What is expected: Repeat the whole listing below exactly as it reads.

Entries supplied:
────────────────────────────────────────

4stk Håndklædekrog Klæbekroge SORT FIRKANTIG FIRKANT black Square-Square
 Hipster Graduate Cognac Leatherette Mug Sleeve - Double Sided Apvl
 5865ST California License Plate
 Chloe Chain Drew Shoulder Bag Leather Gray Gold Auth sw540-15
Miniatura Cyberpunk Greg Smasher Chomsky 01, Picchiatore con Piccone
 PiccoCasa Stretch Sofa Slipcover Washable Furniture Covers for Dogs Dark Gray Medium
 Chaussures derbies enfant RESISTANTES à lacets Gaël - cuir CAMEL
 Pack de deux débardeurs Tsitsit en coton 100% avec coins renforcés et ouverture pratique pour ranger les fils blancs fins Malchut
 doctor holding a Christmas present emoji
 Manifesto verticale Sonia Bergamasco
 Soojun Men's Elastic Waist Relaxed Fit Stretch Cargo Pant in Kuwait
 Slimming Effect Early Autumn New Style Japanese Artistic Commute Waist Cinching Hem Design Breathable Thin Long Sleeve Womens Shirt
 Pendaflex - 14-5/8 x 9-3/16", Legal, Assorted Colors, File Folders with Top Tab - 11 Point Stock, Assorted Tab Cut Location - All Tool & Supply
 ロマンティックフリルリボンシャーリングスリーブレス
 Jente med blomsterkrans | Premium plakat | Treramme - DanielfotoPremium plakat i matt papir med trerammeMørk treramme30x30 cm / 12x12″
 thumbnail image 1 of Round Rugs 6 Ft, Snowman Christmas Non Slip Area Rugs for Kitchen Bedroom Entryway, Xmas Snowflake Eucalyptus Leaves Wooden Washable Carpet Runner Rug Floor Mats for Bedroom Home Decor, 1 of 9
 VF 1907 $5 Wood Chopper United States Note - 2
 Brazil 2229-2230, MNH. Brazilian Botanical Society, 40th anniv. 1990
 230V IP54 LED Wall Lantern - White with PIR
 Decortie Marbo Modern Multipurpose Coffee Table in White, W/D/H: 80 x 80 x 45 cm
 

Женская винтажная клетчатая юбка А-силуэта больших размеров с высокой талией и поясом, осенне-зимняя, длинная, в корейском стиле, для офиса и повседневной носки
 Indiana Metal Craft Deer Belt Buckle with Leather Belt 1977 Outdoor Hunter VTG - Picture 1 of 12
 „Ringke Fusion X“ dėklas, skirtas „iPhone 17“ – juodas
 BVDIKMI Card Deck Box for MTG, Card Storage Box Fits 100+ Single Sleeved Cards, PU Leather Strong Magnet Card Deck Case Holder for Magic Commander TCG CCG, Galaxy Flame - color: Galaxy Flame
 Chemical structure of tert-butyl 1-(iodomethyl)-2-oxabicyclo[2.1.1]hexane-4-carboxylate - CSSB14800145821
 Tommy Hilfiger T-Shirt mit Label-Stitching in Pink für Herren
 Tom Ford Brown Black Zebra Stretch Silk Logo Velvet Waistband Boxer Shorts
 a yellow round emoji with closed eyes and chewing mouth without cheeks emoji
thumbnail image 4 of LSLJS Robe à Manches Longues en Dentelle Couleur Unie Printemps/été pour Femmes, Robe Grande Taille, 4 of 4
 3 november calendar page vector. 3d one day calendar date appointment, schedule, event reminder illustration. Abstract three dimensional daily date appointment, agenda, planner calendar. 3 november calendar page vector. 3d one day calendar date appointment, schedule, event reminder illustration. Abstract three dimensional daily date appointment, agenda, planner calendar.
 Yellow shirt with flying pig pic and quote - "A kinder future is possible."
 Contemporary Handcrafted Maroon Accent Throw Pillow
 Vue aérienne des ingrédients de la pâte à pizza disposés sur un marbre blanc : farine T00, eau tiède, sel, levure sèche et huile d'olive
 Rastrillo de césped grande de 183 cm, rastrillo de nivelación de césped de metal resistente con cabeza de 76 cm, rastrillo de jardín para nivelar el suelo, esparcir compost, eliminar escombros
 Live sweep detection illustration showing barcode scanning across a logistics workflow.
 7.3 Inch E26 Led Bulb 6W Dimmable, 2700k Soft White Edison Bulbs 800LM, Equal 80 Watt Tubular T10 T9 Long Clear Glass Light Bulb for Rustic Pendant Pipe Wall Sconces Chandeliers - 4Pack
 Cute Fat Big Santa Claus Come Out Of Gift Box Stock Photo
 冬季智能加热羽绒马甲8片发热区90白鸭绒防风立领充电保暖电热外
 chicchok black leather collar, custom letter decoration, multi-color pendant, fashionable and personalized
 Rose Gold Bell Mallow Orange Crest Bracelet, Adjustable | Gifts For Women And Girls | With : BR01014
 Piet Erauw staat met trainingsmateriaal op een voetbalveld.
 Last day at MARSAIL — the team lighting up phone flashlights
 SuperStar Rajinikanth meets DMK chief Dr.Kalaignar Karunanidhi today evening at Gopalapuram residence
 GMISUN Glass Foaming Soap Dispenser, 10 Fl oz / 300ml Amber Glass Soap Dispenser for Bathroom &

────────────────────────────────────────

Solved problem:
4stk Håndklædekrog Klæbekroge SORT FIRKANTIG FIRKANT black Square-Square
 Hipster Graduate Cognac Leatherette Mug Sleeve - Double Sided Apvl
 5865ST California License Plate
 Chloe Chain Drew Shoulder Bag Leather Gray Gold Auth sw540-15
Miniatura Cyberpunk Greg Smasher Chomsky 01, Picchiatore con Piccone
 PiccoCasa Stretch Sofa Slipcover Washable Furniture Covers for Dogs Dark Gray Medium
 Chaussures derbies enfant RESISTANTES à lacets Gaël - cuir CAMEL
 Pack de deux débardeurs Tsitsit en coton 100% avec coins renforcés et ouverture pratique pour ranger les fils blancs fins Malchut
 doctor holding a Christmas present emoji
 Manifesto verticale Sonia Bergamasco
 Soojun Men's Elastic Waist Relaxed Fit Stretch Cargo Pant in Kuwait
 Slimming Effect Early Autumn New Style Japanese Artistic Commute Waist Cinching Hem Design Breathable Thin Long Sleeve Womens Shirt
 Pendaflex - 14-5/8 x 9-3/16", Legal, Assorted Colors, File Folders with Top Tab - 11 Point Stock, Assorted Tab Cut Location - All Tool & Supply
 ロマンティックフリルリボンシャーリングスリーブレス
 Jente med blomsterkrans | Premium plakat | Treramme - DanielfotoPremium plakat i matt papir med trerammeMørk treramme30x30 cm / 12x12″
 thumbnail image 1 of Round Rugs 6 Ft, Snowman Christmas Non Slip Area Rugs for Kitchen Bedroom Entryway, Xmas Snowflake Eucalyptus Leaves Wooden Washable Carpet Runner Rug Floor Mats for Bedroom Home Decor, 1 of 9
 VF 1907 $5 Wood Chopper United States Note - 2
 Brazil 2229-2230, MNH. Brazilian Botanical Society, 40th anniv. 1990
 230V IP54 LED Wall Lantern - White with PIR
 Decortie Marbo Modern Multipurpose Coffee Table in White, W/D/H: 80 x 80 x 45 cm
 

Женская винтажная клетчатая юбка А-силуэта больших размеров с высокой талией и поясом, осенне-зимняя, длинная, в корейском стиле, для офиса и повседневной носки
 Indiana Metal Craft Deer Belt Buckle with Leather Belt 1977 Outdoor Hunter VTG - Picture 1 of 12
 „Ringke Fusion X“ dėklas, skirtas „iPhone 17“ – juodas
 BVDIKMI Card Deck Box for MTG, Card Storage Box Fits 100+ Single Sleeved Cards, PU Leather Strong Magnet Card Deck Case Holder for Magic Commander TCG CCG, Galaxy Flame - color: Galaxy Flame
 Chemical structure of tert-butyl 1-(iodomethyl)-2-oxabicyclo[2.1.1]hexane-4-carboxylate - CSSB14800145821
 Tommy Hilfiger T-Shirt mit Label-Stitching in Pink für Herren
 Tom Ford Brown Black Zebra Stretch Silk Logo Velvet Waistband Boxer Shorts
 a yellow round emoji with closed eyes and chewing mouth without cheeks emoji
thumbnail image 4 of LSLJS Robe à Manches Longues en Dentelle Couleur Unie Printemps/été pour Femmes, Robe Grande Taille, 4 of 4
 3 november calendar page vector. 3d one day calendar date appointment, schedule, event reminder illustration. Abstract three dimensional daily date appointment, agenda, planner calendar. 3 november calendar page vector. 3d one day calendar date appointment, schedule, event reminder illustration. Abstract three dimensional daily date appointment, agenda, planner calendar.
 Yellow shirt with flying pig pic and quote - "A kinder future is possible."
 Contemporary Handcrafted Maroon Accent Throw Pillow
 Vue aérienne des ingrédients de la pâte à pizza disposés sur un marbre blanc : farine T00, eau tiède, sel, levure sèche et huile d'olive
 Rastrillo de césped grande de 183 cm, rastrillo de nivelación de césped de metal resistente con cabeza de 76 cm, rastrillo de jardín para nivelar el suelo, esparcir compost, eliminar escombros
 Live sweep detection illustration showing barcode scanning across a logistics workflow.
 7.3 Inch E26 Led Bulb 6W Dimmable, 2700k Soft White Edison Bulbs 800LM, Equal 80 Watt Tubular T10 T9 Long Clear Glass Light Bulb for Rustic Pendant Pipe Wall Sconces Chandeliers - 4Pack
 Cute Fat Big Santa Claus Come Out Of Gift Box Stock Photo
 冬季智能加热羽绒马甲8片发热区90白鸭绒防风立领充电保暖电热外
 chicchok black leather collar, custom letter decoration, multi-color pendant, fashionable and personalized
 Rose Gold Bell Mallow Orange Crest Bracelet, Adjustable | Gifts For Women And Girls | With : BR01014
 Piet Erauw staat met trainingsmateriaal op een voetbalveld.
 Last day at MARSAIL — the team lighting up phone flashlights
 SuperStar Rajinikanth meets DMK chief Dr.Kalaignar Karunanidhi today evening at Gopalapuram residence
 GMISUN Glass Foaming Soap Dispenser, 10 Fl oz / 300ml Amber Glass Soap Dispenser for Bathroom &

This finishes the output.